“It may have been,” Morgan said dubiously, “but there’s no getting away from the fact that it was a queer noise for the wind to make. I made sure I looked everywhere.”
“I’ll go upstairs and get my revolver,” Sir George observed. “It may come in handy. Will you remain here?”
They looked at one another furtively, and each thought they saw fear in the other’s eyes.
Both, however, had reputations to sustain.
“I’ll wait down here, Sir George,” Morgan said, “and keep an eye on the cupboard. You’ll call if you want me.”
“I will,” Sir George replied. “I shan’t be gone more than a minute. Be on your guard. It’s just about this time the alleged disturbances begin.”
He hurried off, and Morgan watched his long legs cross the hall and hastily ascend the main staircase. The hall occupied a large space in the centre of the house, and overlooking it was a gallery connecting the east and west wings.

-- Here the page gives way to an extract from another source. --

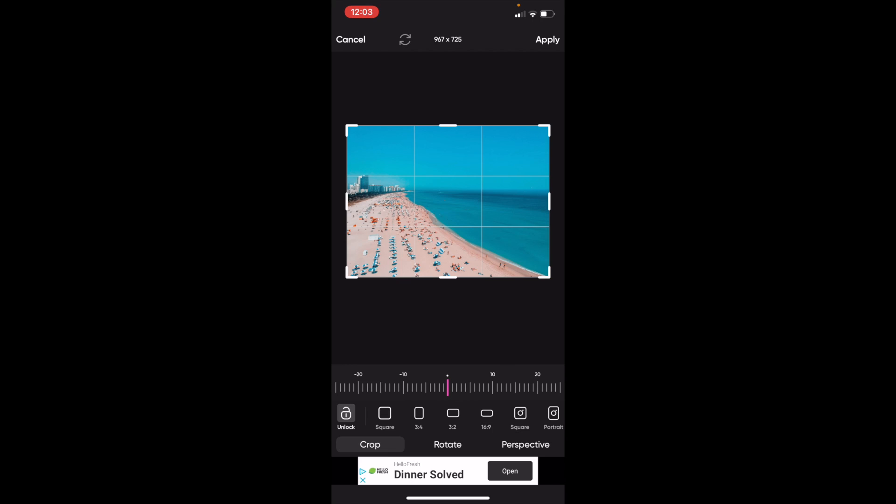Now we're on the crop screen. If you wanted to crop this into a square, three by four, or whatever, there's a whole bunch of different options here.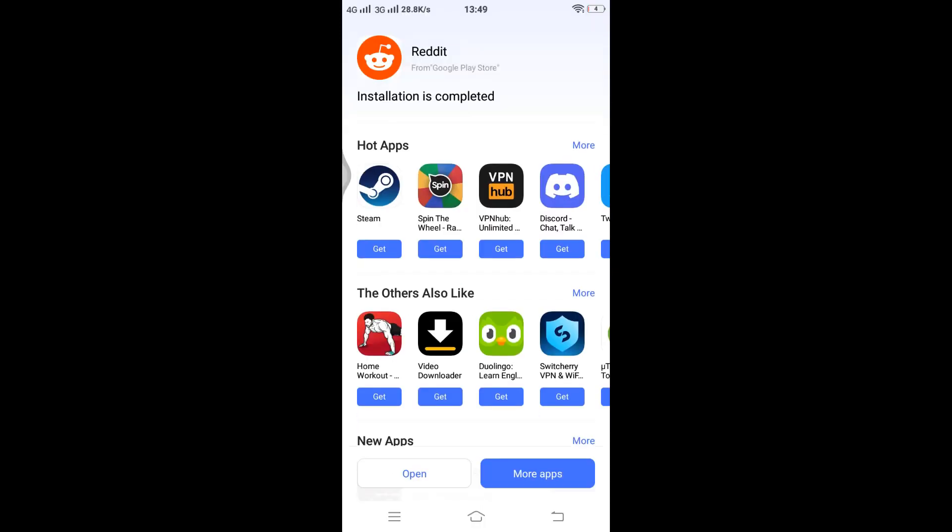The Reddit application has been successfully installed.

Sir George’s room—that is to say, the room he was reserving for himself on this occasion—was in the east wing, the first to be reached from the gallery, and Morgan could almost see it from where he stood in the hall. His gaze was still fixed on Sir George’s retreating figure when a noise from behind him made him turn hurriedly round, and he distinctly saw the cupboard door open a few inches. Moving towards the cupboard, he then saw, as the door opened wider, a huge indefinable something emerge from it. Morgan admits that the most sublime terror seized him, and that he shrank back convulsively against the wall, totally unable to do anything but stare. The shape came towards him with a slow, shambling gait, and Morgan was at length able to compare it with an enormous fungus. It had arms and legs truly, but they were disproportionately long and crooked, and hardly seemed to belong to the body.
There was no apparent head. The whole thing was vague and misty, but suggestive of the greatest foulness and antagonism. Morgan’s horror was so great as it passed him that he believes his heart practically stopped beating, and so tightly had he clenched his hands that the print of his finger nails remained on his palms for days afterwards. It left him in time, however, and he watched it shuffle its unwholesome way across the hall and surreptitiously begin to ascend the staircase.